*** INPUT DATA ***

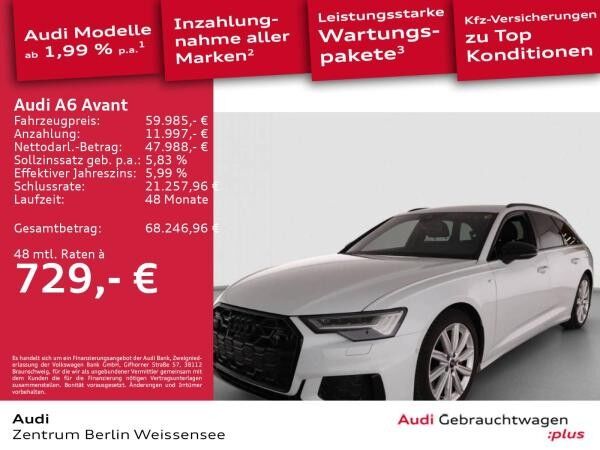 Audi A6 Avant 55 TFSI e S-TRO*QU*S-LINE*MATRIX*AHK*RFK*ACC*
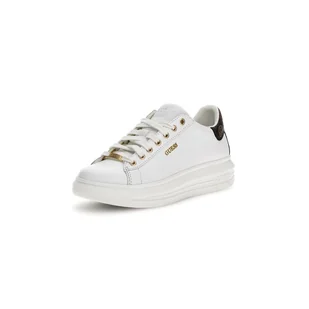 Damskie Sneakersy GUESS VIBO FL8VIBLEA12-WHIBR – Biały - Półbuty damskie - miniaturka - grafika 1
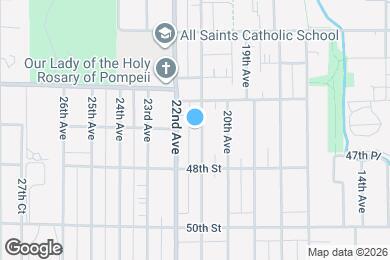 Map image of the property - 4530 21st Ave
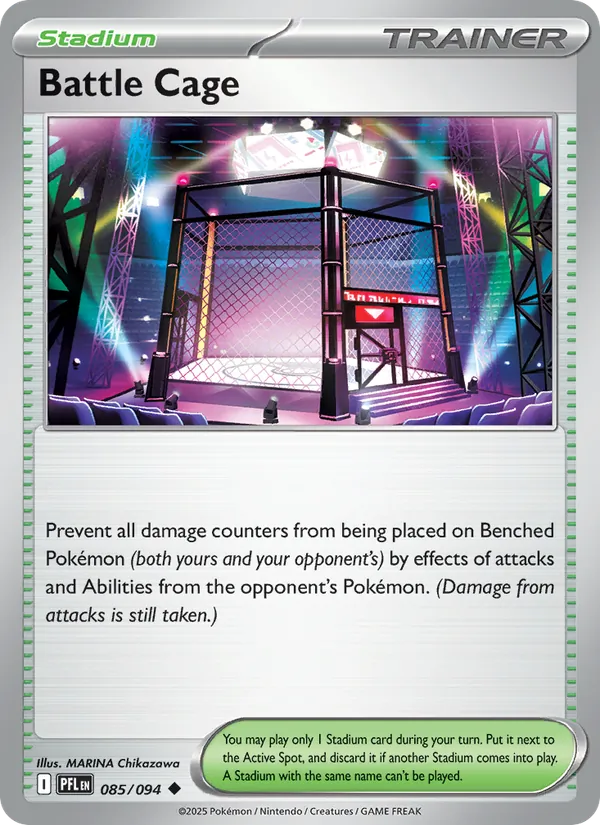 Battle Cage — Phantasmal Flames #085 (Pokémon TCG card)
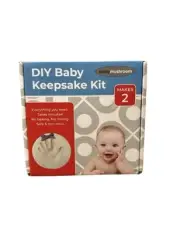 Baby Handprint & Footprint Ornament Kit – DIY Air Dry Clay Keepsake – 2 Pack
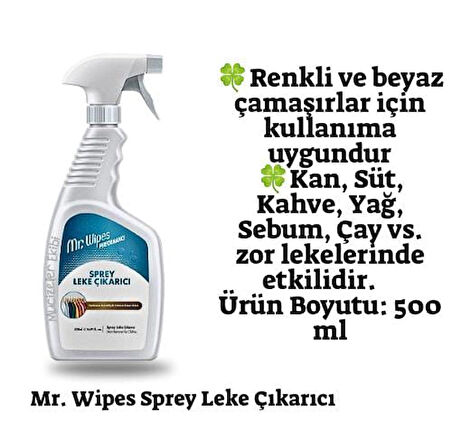 Mr wipes süper 5'li temizlik seti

*** End of INPUT DATA ***

EXERCISE OBJECTIVE
What is needed is an exact transcription of the lines from the one holding "Baby Handprint &" to the end of the data, with every picture left out.

TASK RESPONSE
 Baby Handprint & Footprint Ornament Kit – DIY Air Dry Clay Keepsake – 2 Pack
 Mr wipes süper 5'li temizlik seti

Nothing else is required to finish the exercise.